Designer: Embarrassed_Map1072

The build’s proportions are spot-on, capturing that distinctive wide-bodied stance that made the PSP feel substantial without being bulky. The face buttons render Sony’s iconic shapes (circle, cross, square, triangle) in rounded LEGO elements, while the D-pad on the left maintains its classic cruciform layout. The analog nub sits where your thumb expects it, a small circular detail that any PSP veteran will immediately recognize. Up top, smooth tiles create the volume controls and power switch, with printed detailing that suggests the original’s labeling. The headphone jack makes an appearance at the bottom edge, because what’s a portable gaming device without a way to plug in your earbuds during a commute?

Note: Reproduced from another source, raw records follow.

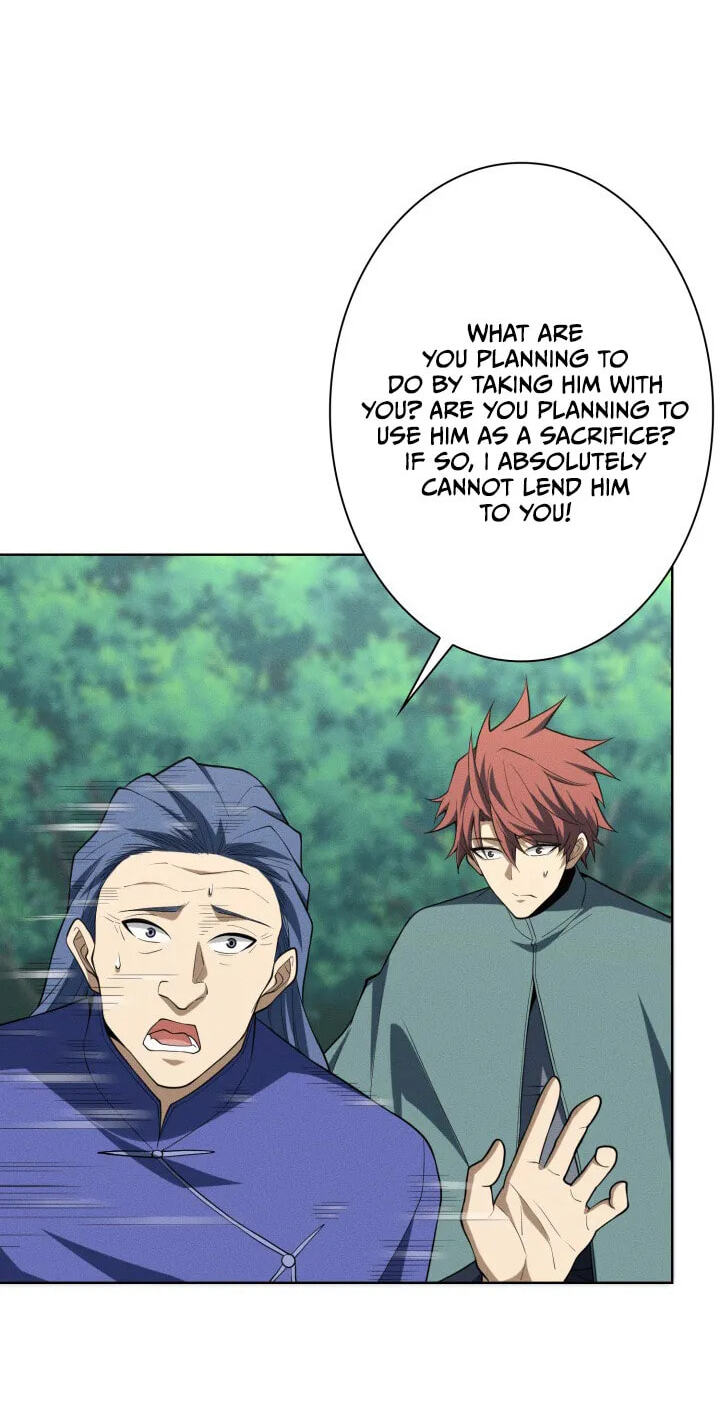 I’ll Spend My Fortune to Become the Strongest Before the Game Ends Chapter 22 page 23 - 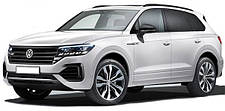 Килимки на Volkswagen Touareg (2018--)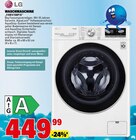 WASCHMASCHINE „F4WV708P1E“ Angebote von LG bei Marktkauf Ulm für 449,99 €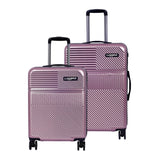 Amiggo Rose Gold Cabin & Medium Set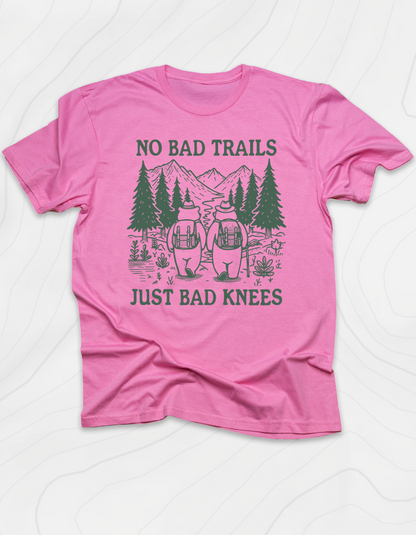 No Bad Trails T-Shirt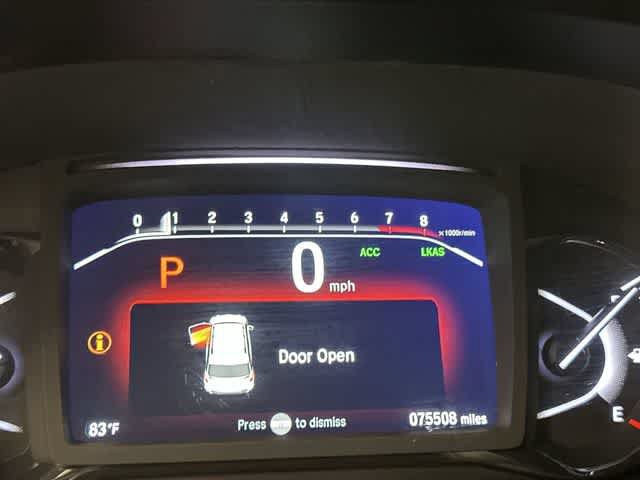 Used 2023 Honda Passport TrailSport image 16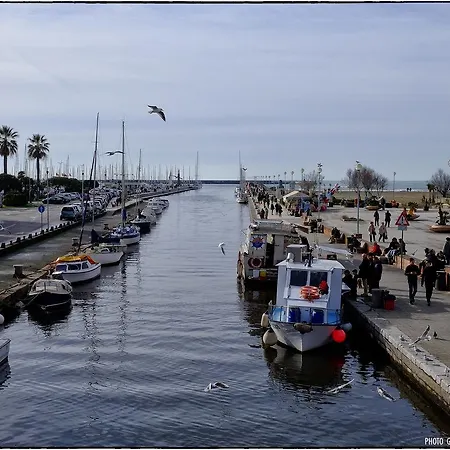 La Casa Sul Molo Panzió Viareggio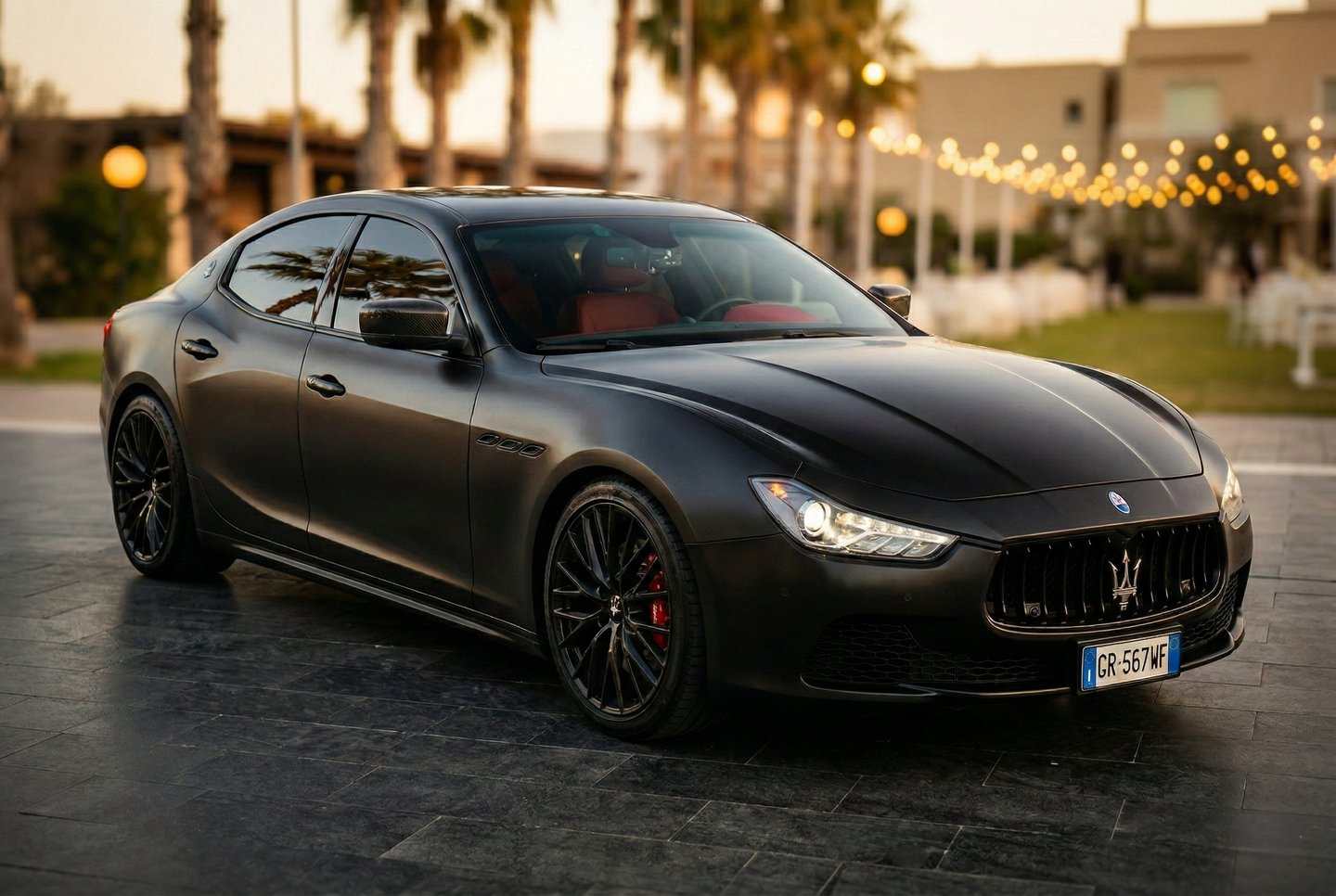 Noleggio Auto di Lusso con conducente per Eventi Luxury Events Cars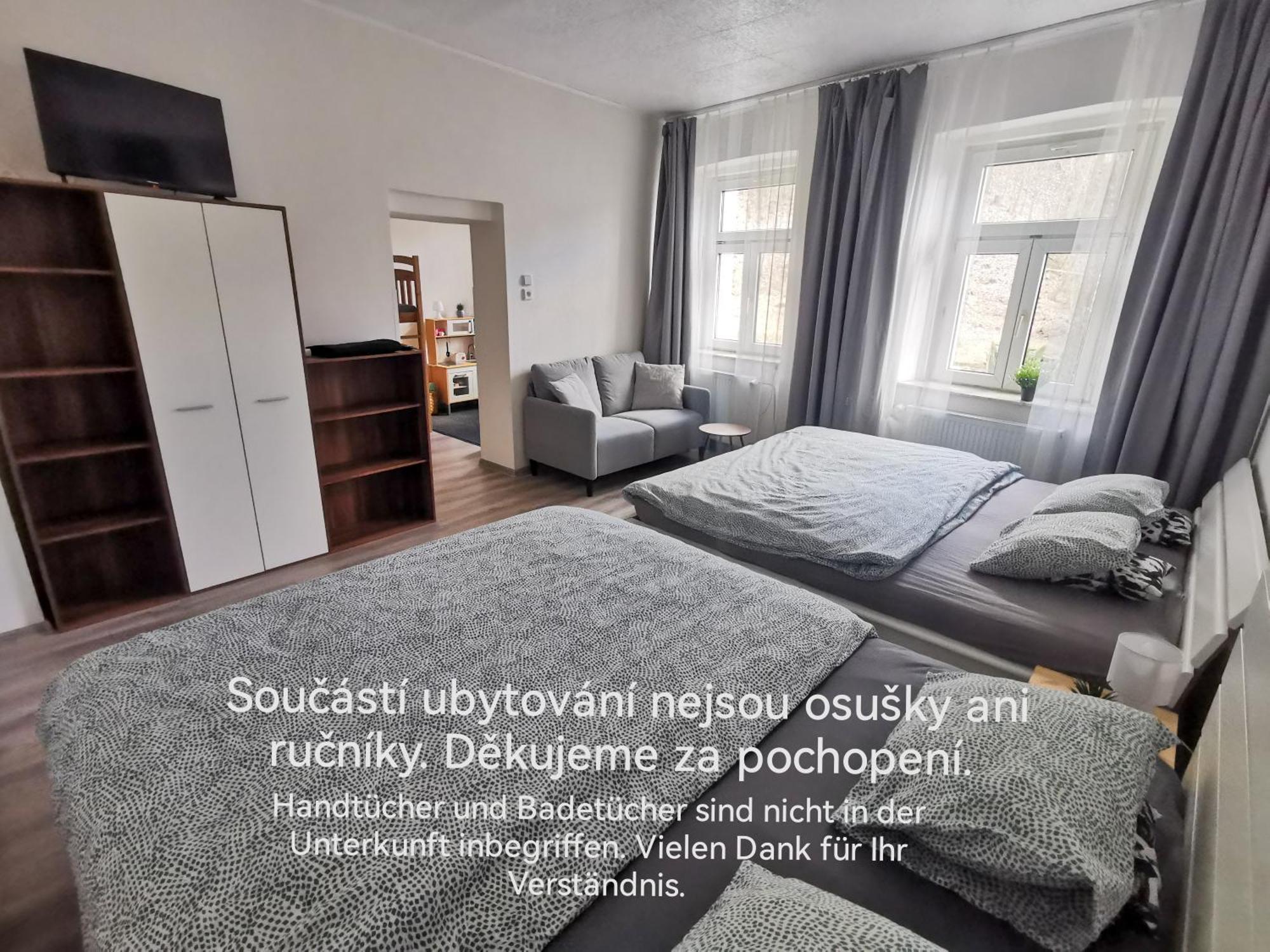 Apartmany Cipriani Jáchymov Exteriér fotografie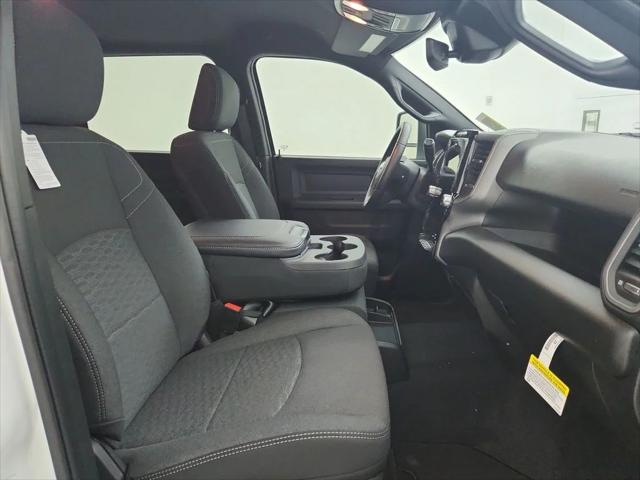 2026 Ram 2500 Tradesman Crew Cab 4x4 6'4" Box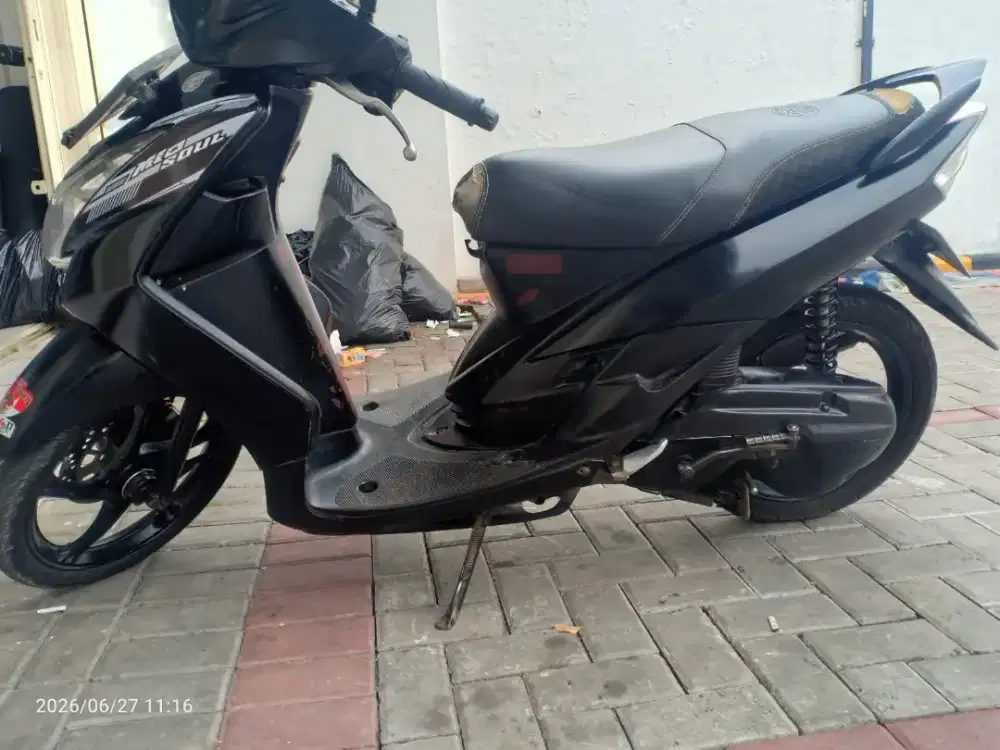 Dijual Mio soul 2011 lengkap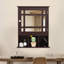 Armoire de salle de bain murale à miroir Beore-1422447691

My favorite detail is the UMD disc itself. The builder recreated the distinctive white-and-gold casing that held your games, complete with the circular window that let you glimpse the tiny disc inside. It slides into the back of the unit just like the real thing, a mechanical function that elevates this from display model to something tactile and engaging. The memory stick slot retains that pop of yellow that broke up the PSP’s otherwise monochrome palette, a small design flourish that Sony used to signal where your saves lived. This is LEGO building that understands its subject, translating not just shapes but the experience of holding and using the actual hardware.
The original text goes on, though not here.